South American ‘model aeroplanes’

One of the supposed aeroplane gold models
One of the supposed aeroplane gold models

A number of curious gold ornaments from Colombia, Costa Rica, Peru and Venezuela have been interpreted by some as model aeroplanes after the Scottish Fortean Ivan Terrance Sanderson (1911-1973), founder of the Society for the Investigation of the Unexplained in the United States, saw a reproduction of a Colombian example. The original object had been part of a travelling exhibition organised by the Colombian government in 1954, as a result of which the jeweller Emmanuel Staubs was commissioned to make reproductions of six of the objects. The reproduction that caught Sanderson’s attention was only 50 mm long and had been made to hang from a necklace. The top end (which Sanderson identified as the tail fin of the aeroplane) had a mark on one side that he thought resembled an early Hebrew letter ב (beth).

The original pendants are of Chimú origin and are generally classed as zoömorphic types, with the majority resembling winged insects, birds, bats and stingrays.

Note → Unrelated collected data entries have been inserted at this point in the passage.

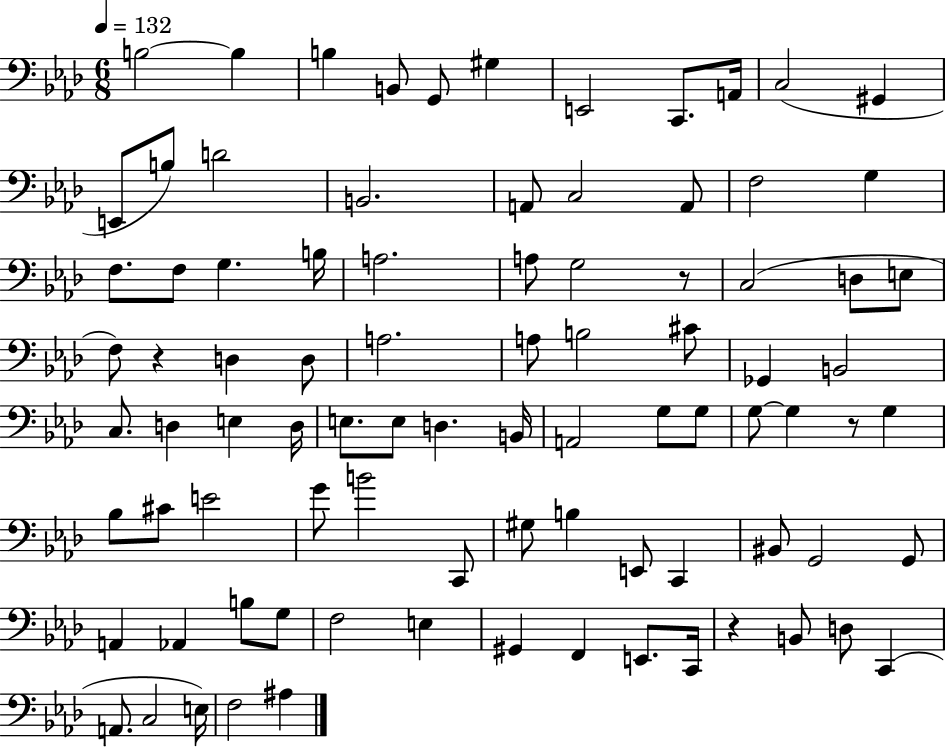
{
  \clef bass
  \numericTimeSignature
  \time 6/8
  \key aes \major
  \tempo 4 = 132
  b2~~ b4 | b4 b,8 g,8 gis4 | e,2 c,8. a,16 | c2( gis,4 | \break e,8 b8) d'2 | b,2. | a,8 c2 a,8 | f2 g4 | \break f8. f8 g4. b16 | a2. | a8 g2 r8 | c2( d8 e8 | \break f8) r4 d4 d8 | a2. | a8 b2 cis'8 | ges,4 b,2 | \break c8. d4 e4 d16 | e8. e8 d4. b,16 | a,2 g8 g8 | g8~~ g4 r8 g4 | \break bes8 cis'8 e'2 | g'8 b'2 c,8 | gis8 b4 e,8 c,4 | bis,8 g,2 g,8 | \break a,4 aes,4 b8 g8 | f2 e4 | gis,4 f,4 e,8. c,16 | r4 b,8 d8 c,4( | \break a,8. c2 e16) | f2 ais4 | \bar "|."
}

The Chimú (or Mochica) culture flourished in South America between about 200 BCE and 800 CE. Chimú gold ornaments of this type show considerable variation. Taking one object out of context, as Ivan Sanderson did, is disingenuous and borders on dishonesty. The variability shown by these pendants does not mask their origins as highly stylised representations of winged creatures.

7 Replies to “South American ‘model aeroplanes’”

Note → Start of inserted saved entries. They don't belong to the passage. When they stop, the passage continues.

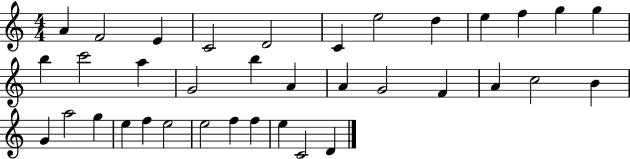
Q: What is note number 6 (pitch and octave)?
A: C4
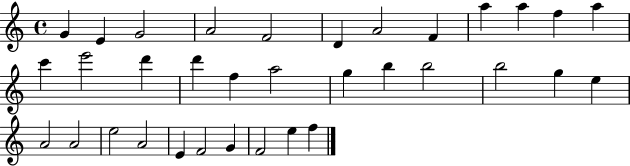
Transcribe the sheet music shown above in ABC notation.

X:1
T:Untitled
M:4/4
L:1/4
K:C
G E G2 A2 F2 D A2 F a a f a c' e'2 d' d' f a2 g b b2 b2 g e A2 A2 e2 A2 E F2 G F2 e f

  1. Please do your homework, it is not just one with a vertical tailfin. Maybe you could stretch it to represent some kind of fish ? There is no telling what it represents. We need to know a lot more before we can judge one way or the other

    1. To get straight to the point, I do not believe in the Ancient Astronaut theory. Mr Christ White has attempted a thorough Debunking of the theory but has failed to address the Quimbaya aircraft models correctly, as have legions of his Disciples that have bought into his efforts in that regard. Not one of the attempts to debunk these model aircraft have presented an argument that will hold up to close examination…not one!
      There is not an artist of any caliber, sculptor or otherwise, attempting to convey the concept of a fish, that has failed to include in his effort either a Dorsal Fin, or a Caudal Fin (Vertical tailfin extending below the belly of said fish) Not one in history that an extensive search has turned up. Any argument for these model craft being those of fish must include one or the other, or the argument falls flat on it’s face before it has begun. There is only one of these figurines pictured for comparison that has a Dorsal fin, and a Caudal fin as seen here:
      There is one other having a Dorsal fin, but is pictured as possessing a horizontal tail Fluke.
      The eyes and teeth found on nearly all these model aircraft are far from sealing the deal for them being considered fish as it has proven to be something men have chosen to do on their Warbirds since the earliest days of fixed wing, powered flight until the present day.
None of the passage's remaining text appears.